Accueil > En cours > « No comment »

« No comment »

Voilà belle lurette que je n’avais pas lu autant de « littérature jeunesse ». Mon prix Rhône-Alpes 2008 du livre jeunesse m’a, effet secondaire, bombardé membre d’office pour le jury 2009. J’ai donc rejoint un distingué aréopage de critiques, bibliothécaires, libraires, directeurs de salons, a priori tous plus savants que moi, et nous discutons « littérature jeunesse ». On goûte le cru de l’année, son bouquet, sa robe et sa cuisse, et on recrache. Deux réunions ont déjà eu lieu, les livres circulent, 30 ou 40, ils diminueront au fil des semaines jusqu’à ce que l’on se mette d’accord sur celui qui mérite la timbale et la bise de la conseillère régionale déléguée à la culture. Tout ceci rigoureusement confidentiel, bien sûr : je ne donnerai pas de noms. No comment.
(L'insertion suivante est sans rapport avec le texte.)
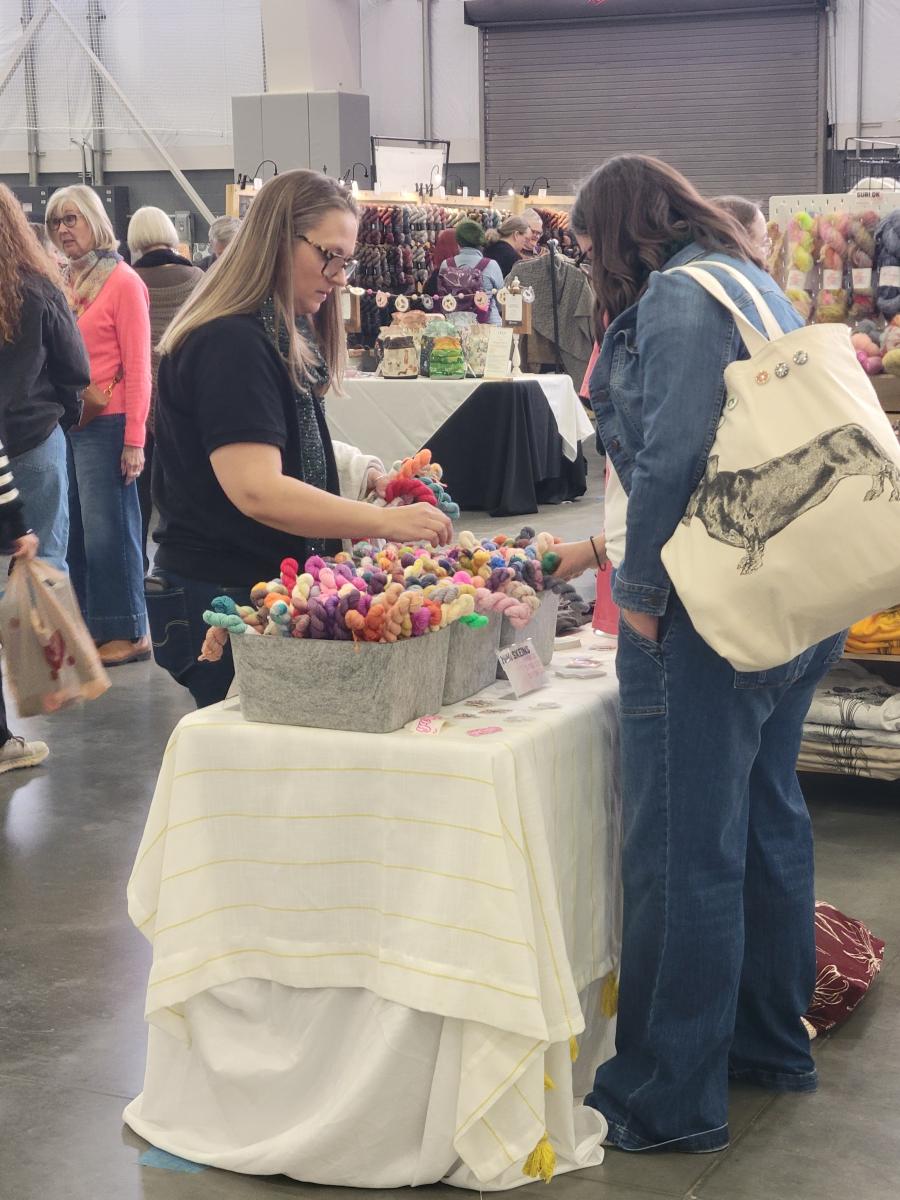 two women shopping for small skeins of yarn at a booth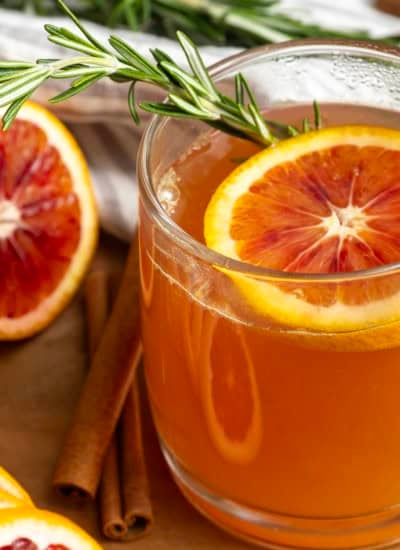 Orange tea in a mug with a slice of orange, a cinnamon stick, and a sprig of rosemary.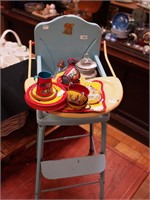 Children's tin toys: a highchair by Amsco; plus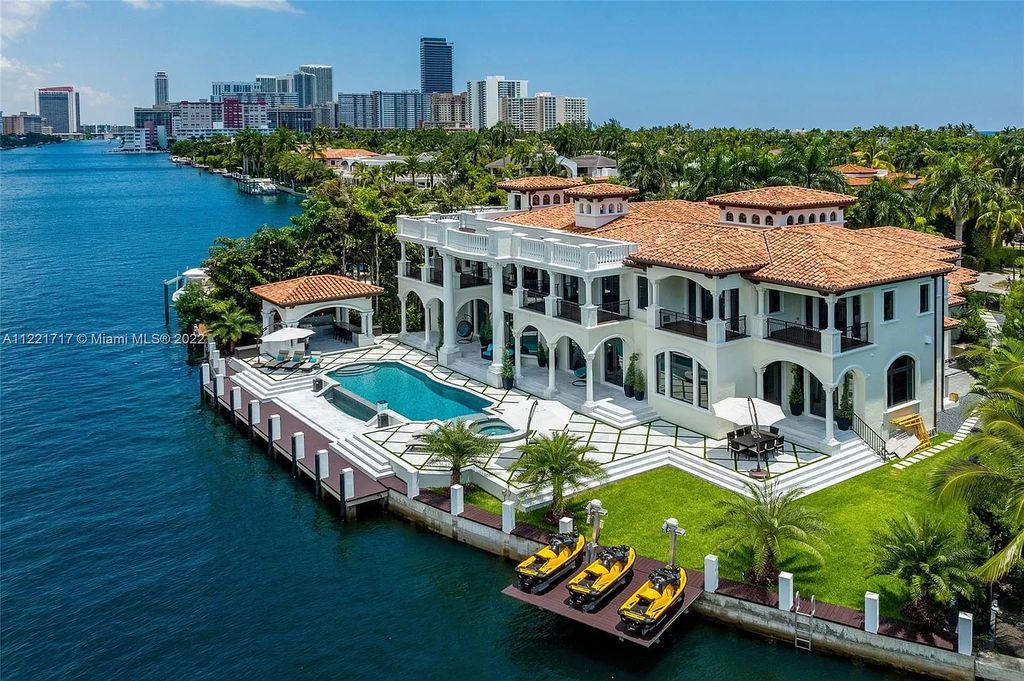 The Home in Golden Beach is an ultra-lavish waterfront palatial estate is set behind private gates at the end of a cul de sac now available for sale. This home located at 498 North Pkwy, Golden Beach, Florida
Je lis, donc. Souvent, c’est laborieux (oh la la, comme c’est mauvais, la « littérature jeunesse » ! Oh comme elle mérite sa sale réputation de sous-littérature normée et normative, pré-mâchée et fonctionnelle !), et de temps en temps c’est magnifique (oh la la, comme c’est riche et surprenant, la « littérature jeunesse » ! Que d’univers singuliers, que de pépites en liberté, que de merveilles insoupçonnées par les snobs qui auraient l’impression de déroger si par accident ils ouvraient un « livre pour enfants » !).

Les listes des ouvrages en lice sont à géométrie variable, on raye, on ajoute dans les marges. A un moment donné, je pose une question innocente :

– Tiens, pourquoi ce livre-ci est exclu ?
– Parce que c’est une BD.

Je poursuis, de plus en plus candide :

– Ah bon, être une bande dessinée constitue donc un vice de forme redhibitoire ? Et pourquoi ? Y’a-t-il une catégorie à part, une « catégorie bande dessinée » dans les prix Rhône-Alpes ?

Mes co-jurys me regardent avec un sourire indulgent. Une quoi ? Une… catégorie BD ? Ce Fabrice Vigne est un ingénu d’accord, un bizuth, un fauteuil tournant, mais est-il possible d’être si innocent ?

Voilà : la « littérature jeunesse » n’est pas le seul champ éditorial qui donnerait aux lecteurs sérieux, jurys ou non, la sensation de déroger. Si cette pauvre « littérature jeunesse » est la cinquième roue du char, nous avons identifié la sixième : la bande dessinée.

Pourtant, l’un des livres les plus forts que j’ai lus cette année (comme chaque année, si je réfléchis bien) est une bande dessinée. Mieux : elle est signée par un auteur rhonalpin (il habite Lyon, que je sache). No comment, par Ivan Brun, éditions Drugstore (filiale de Glénat). Je me permets de le citer sans scrupules, ce n’est pas confidentiel, il n’est sur aucune liste (et d’ailleurs ce n’est pas particulièrement « jeunesse »). Voilà un livre choquant, subversif, formellement original, qui dit quelque chose d’important sur notre époque, sur sa « jeunesse », sur vous et moi, et qui le fait en inventant à chaque page son propre langage, à la fois virtuose et expérimental. Bref, très précisément ce que l’on peut attendre d’un livre, d’un bon livre. Hélas pour lui, ce n’est pas un livre, c’est une BD. Par conséquent Ivan Brun et son oeuvre resteront ignorés des prix Rhône-Alpes du livre.

Allez, j’y retourne, j’ai un « roman jeunesse » à lire.